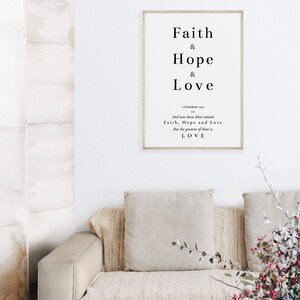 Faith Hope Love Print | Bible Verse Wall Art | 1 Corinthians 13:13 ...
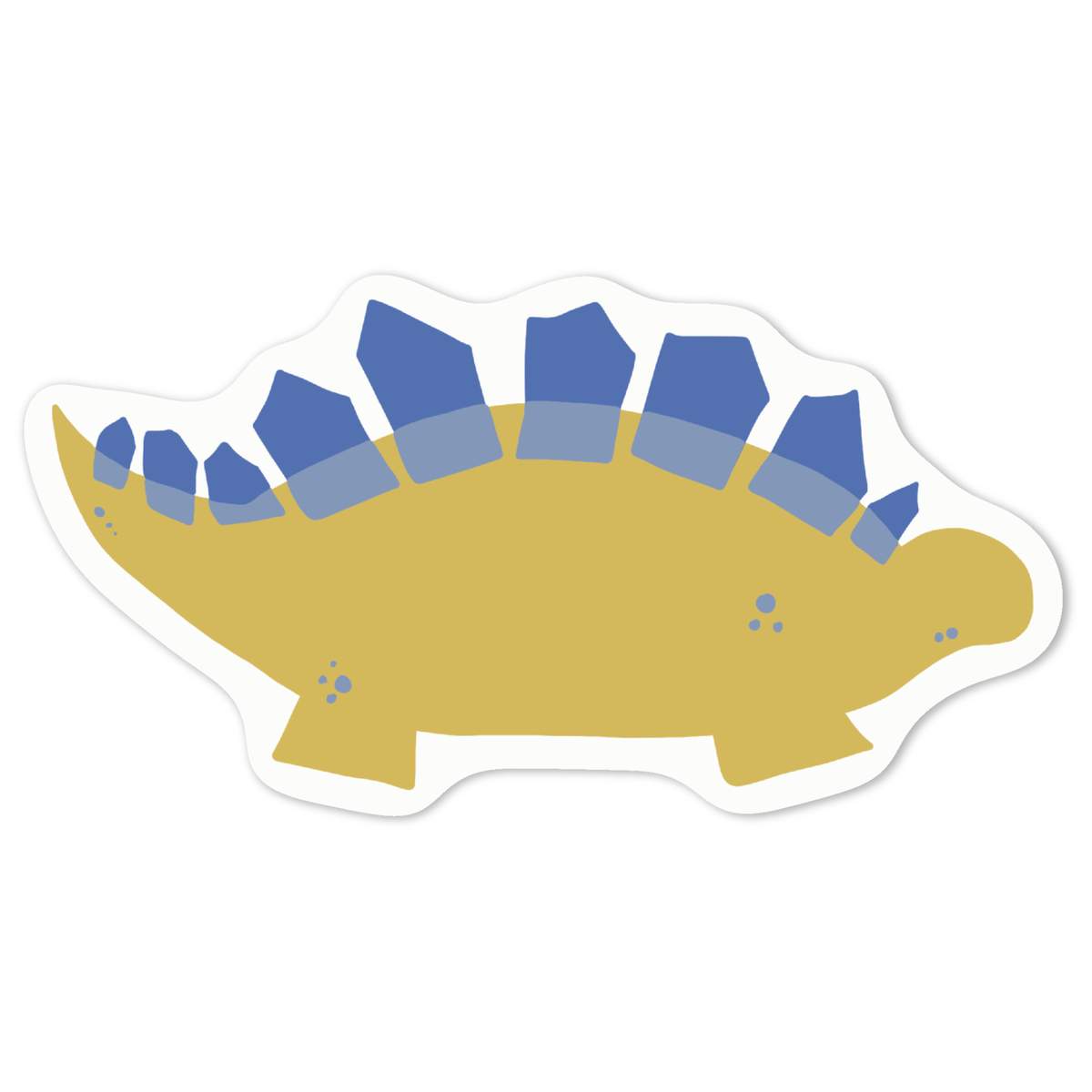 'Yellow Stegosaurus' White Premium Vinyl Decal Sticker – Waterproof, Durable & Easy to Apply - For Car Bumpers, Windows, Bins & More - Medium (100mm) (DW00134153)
-------------------------
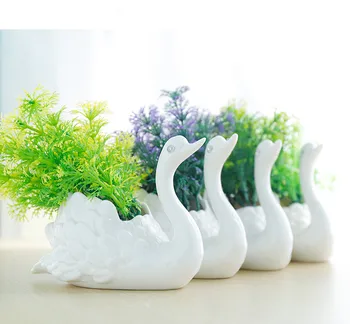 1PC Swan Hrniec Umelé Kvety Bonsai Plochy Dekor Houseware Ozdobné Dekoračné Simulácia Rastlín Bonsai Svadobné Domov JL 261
-------------------------
• [ASSIGNED TASK]: From the listing above, restate verbatim the lines running from the one with "Faith Hope Love" through the one with "Medium (100mm) (DW00134153)", inclusive, but not the pictures.

• [RESULT OF THE EXERCISE]:
 Faith Hope Love Print | Bible Verse Wall Art | 1 Corinthians 13:13 ...
 'Yellow Stegosaurus' White Premium Vinyl Decal Sticker – Waterproof, Durable & Easy to Apply - For Car Bumpers, Windows, Bins & More - Medium (100mm) (DW00134153)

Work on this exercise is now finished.